February 2016 - Avoid the Wedding Bell Blues
Planning and preparing for a wedding is an exciting time. However, addressing certain legal and financial practicalities before and during marriage can improve your chances of having a successful, happy union. Here are some things you should consider:
One may assume that after marriage “yours” and “mine” automatically becomes “ours,” but that isn’t necessarily the case. Marital property is defined as property each individual accumulates during the marriage with the exception of property acquired as a gift or inheritance. Therefore, couples can have both (a) non-marital property (i.e., assets acquired prior to marriage and those acquired during marriage in the form of a gift or inheritance) and (b) marital property.

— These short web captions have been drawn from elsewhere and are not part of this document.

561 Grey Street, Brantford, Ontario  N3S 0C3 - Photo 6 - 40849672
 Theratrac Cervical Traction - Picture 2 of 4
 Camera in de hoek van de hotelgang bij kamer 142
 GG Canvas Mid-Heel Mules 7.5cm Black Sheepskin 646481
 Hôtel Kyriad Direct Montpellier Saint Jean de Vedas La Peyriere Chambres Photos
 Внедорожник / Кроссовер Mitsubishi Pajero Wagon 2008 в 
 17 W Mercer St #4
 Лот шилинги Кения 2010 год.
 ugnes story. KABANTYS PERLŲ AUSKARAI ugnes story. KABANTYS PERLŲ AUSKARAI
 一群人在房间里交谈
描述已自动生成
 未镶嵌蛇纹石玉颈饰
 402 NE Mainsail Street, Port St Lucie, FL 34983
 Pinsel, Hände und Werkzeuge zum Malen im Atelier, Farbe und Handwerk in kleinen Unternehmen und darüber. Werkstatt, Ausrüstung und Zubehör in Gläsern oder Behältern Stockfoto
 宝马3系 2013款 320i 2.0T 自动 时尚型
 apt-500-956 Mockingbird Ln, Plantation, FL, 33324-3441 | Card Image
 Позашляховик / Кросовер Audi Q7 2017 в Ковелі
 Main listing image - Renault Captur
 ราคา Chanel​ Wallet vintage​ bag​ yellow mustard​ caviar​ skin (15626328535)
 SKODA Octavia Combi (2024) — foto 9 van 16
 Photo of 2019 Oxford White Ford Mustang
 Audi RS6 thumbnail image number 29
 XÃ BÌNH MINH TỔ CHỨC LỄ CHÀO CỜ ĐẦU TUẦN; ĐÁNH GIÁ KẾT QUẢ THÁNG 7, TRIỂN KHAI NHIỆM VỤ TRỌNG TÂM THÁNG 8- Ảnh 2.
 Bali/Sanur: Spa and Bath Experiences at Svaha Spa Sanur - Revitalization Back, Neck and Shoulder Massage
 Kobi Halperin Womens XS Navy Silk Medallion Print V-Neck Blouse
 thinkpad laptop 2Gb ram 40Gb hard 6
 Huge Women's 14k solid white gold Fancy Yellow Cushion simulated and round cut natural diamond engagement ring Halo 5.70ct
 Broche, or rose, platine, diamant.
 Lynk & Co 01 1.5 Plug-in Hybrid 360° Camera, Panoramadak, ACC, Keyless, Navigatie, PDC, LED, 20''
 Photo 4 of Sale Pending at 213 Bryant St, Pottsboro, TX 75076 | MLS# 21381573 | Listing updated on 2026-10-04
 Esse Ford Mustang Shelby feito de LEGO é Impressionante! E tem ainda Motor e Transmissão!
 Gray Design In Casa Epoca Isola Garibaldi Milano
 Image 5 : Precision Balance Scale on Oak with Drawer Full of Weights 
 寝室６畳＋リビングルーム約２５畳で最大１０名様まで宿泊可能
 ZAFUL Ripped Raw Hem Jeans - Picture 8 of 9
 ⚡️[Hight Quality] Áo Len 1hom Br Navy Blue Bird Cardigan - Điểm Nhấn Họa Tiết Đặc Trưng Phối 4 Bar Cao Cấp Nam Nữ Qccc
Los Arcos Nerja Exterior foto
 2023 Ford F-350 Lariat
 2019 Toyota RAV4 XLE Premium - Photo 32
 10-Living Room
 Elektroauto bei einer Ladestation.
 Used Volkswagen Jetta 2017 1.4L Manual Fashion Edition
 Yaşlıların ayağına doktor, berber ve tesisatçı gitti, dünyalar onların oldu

If you want non-marital assets to be separate, keep them separate – keep them separate. Don’t deposit money earned during your marriage into non-marital accounts; don’t use non-marital funds to pay marital debt. This can compromise the status of non-marital assets.
Appreciation of non-marital assets (property, businesses, investments) during the marriage may be considered marital property, especially if the appreciation is active, meaning it resulted from some action on the part of the owner (i.e., managing an investment; renovating a property).
Prenuptial agreements aren’t romantic but they can address many of the above issues. Your agreement must be in writing and should contain the following to avoid being declared invalid:
Signatures of both parties, signed without duress, prior to the wedding;
Complete and accurate information;
No unconscionable terms – meaning neither party should be left with severe financial hardship while the other prospers.